We’ve focused recent product development on updates to help users better optimize the throughput, efficiency, and quality of their training data production. You can now more powerfully search for data rows within a project, visualize ground truth and predictions within Catalog, and easily import pre-labeled NER text datasets through our SDK. To help you cut labeling costs and get started faster, we’ve launched our new image auto-segmentation tool that generates quality segmentation masks in a fraction of the time.

Data Row tab update

Our continued work on the Data Rows tab experience is part of our broader push toward data row centricity, which is designed to give you more freedom, more control, and additional ways to automate elements of your labeling operations.

Search and filter by specific attributes to make finding data rows even easier.

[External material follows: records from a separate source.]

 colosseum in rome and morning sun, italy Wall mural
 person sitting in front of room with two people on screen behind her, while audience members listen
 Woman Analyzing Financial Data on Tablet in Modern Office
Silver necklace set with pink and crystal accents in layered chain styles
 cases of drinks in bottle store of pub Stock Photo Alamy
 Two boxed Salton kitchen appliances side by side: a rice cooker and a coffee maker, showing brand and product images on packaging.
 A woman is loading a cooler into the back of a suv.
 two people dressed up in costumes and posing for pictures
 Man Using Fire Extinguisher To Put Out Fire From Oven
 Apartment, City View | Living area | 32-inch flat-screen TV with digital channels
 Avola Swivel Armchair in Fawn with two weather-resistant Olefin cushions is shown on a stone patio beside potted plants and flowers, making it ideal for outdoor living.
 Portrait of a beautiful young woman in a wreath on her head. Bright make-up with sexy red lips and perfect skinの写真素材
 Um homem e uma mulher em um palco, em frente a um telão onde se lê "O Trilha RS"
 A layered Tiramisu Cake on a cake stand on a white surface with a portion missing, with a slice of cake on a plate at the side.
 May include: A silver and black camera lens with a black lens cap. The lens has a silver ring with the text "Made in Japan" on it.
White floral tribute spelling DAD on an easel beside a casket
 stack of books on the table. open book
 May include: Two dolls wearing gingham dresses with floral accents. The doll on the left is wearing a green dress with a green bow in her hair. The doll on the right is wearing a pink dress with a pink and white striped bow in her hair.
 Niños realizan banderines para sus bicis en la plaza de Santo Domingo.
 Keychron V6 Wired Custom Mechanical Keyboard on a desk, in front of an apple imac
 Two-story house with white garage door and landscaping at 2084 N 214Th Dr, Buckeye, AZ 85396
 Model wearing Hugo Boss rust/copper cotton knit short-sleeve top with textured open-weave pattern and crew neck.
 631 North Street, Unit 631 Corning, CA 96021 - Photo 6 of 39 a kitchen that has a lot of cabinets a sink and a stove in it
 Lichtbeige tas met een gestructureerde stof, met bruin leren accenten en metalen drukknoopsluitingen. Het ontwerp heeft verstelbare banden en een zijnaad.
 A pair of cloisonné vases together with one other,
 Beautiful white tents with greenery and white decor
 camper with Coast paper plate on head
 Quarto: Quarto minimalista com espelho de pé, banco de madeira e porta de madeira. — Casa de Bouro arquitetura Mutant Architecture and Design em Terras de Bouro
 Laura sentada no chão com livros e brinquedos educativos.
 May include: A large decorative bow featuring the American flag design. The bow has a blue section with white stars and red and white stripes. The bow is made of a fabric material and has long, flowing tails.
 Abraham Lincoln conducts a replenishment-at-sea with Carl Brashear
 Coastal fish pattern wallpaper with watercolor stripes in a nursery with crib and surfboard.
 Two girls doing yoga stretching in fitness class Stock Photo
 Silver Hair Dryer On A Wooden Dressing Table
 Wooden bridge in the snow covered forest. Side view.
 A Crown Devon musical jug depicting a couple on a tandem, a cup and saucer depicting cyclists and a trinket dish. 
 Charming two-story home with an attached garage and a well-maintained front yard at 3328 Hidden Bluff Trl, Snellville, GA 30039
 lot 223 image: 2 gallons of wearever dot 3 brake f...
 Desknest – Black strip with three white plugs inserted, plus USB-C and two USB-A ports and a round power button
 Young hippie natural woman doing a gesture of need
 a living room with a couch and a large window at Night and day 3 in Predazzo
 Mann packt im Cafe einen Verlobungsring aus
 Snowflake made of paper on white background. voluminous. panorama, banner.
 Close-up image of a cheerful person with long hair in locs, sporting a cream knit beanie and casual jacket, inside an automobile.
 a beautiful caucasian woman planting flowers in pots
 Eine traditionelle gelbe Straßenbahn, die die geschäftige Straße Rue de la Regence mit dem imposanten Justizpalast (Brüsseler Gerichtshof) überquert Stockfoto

We've started to roll out several major updates to the Data Row tab experience. You can expect to see the following updates by early July:

  • A powerful new search experience that lets you filter and search by specific attributes. If you’ve used the search function in Catalog, this new feature will feel very familiar.
  • Overall performance improvements, including better performance on longer running queries.
  • Flexible querying that allows for combinations of logical operations in searching such as AND or OR.
  • Coming soon: integration of data row status with multi-step reviews.

Visualize ground truths and predictions in Catalog

You can now quickly make sense of your data’s annotations and predictions, and easily spot discrepancies between ground truth and prediction overlays in Catalog.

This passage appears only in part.